Recorded data:

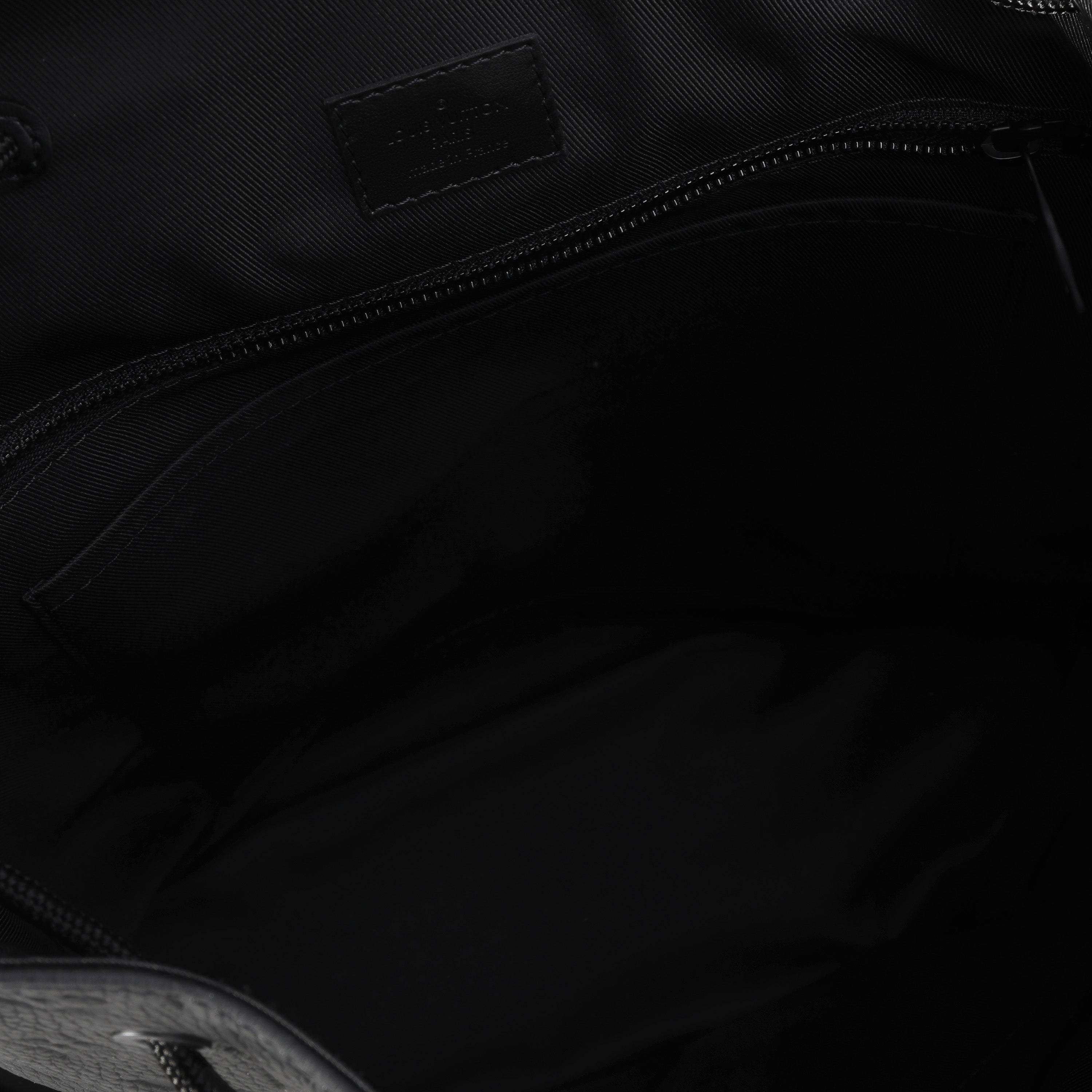 Louis Vuitton Louis Vuitton Black Monogram-Embossed Taurillon Christopher MM Backpack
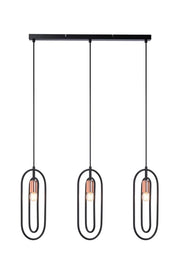 Lampada sospensione Rabalux Rovier nera metallo 3xE27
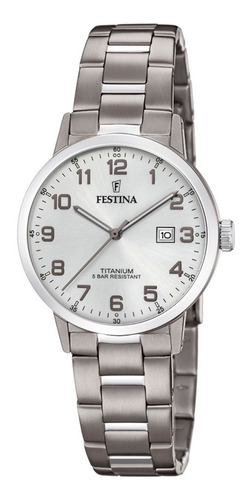 Reloj F20436/1 Festina Mujer Calendario Titanium /marisio Correa Plateado Bisel Plateado Fondo Plateado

Exercise requirements:
Take the line containing "Lampada sospensione Rabalux" through the last line of the material and retype exactly those lines, both ends included, with no pictures.

Written solution:
 Lampada sospensione Rabalux Rovier nera metallo 3xE27
 Reloj F20436/1 Festina Mujer Calendario Titanium /marisio Correa Plateado Bisel Plateado Fondo Plateado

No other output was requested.